__HOW TO COMPLETE THIS TASK__. In the entries below, count every line with the word "Black". Return only the count.

__RECORDS SHOWN__.
▬▬▬▬▬▬

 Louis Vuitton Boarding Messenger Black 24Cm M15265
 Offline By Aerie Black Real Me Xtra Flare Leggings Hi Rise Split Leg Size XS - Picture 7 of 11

▬▬▬▬▬▬

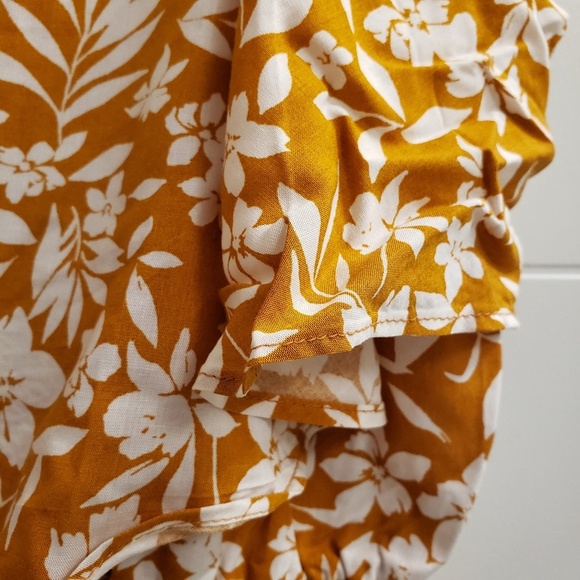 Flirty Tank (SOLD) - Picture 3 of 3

▬▬▬▬▬▬

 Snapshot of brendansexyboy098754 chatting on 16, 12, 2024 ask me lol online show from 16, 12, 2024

▬▬▬▬▬▬

__EXPECTED ANSWER__. 2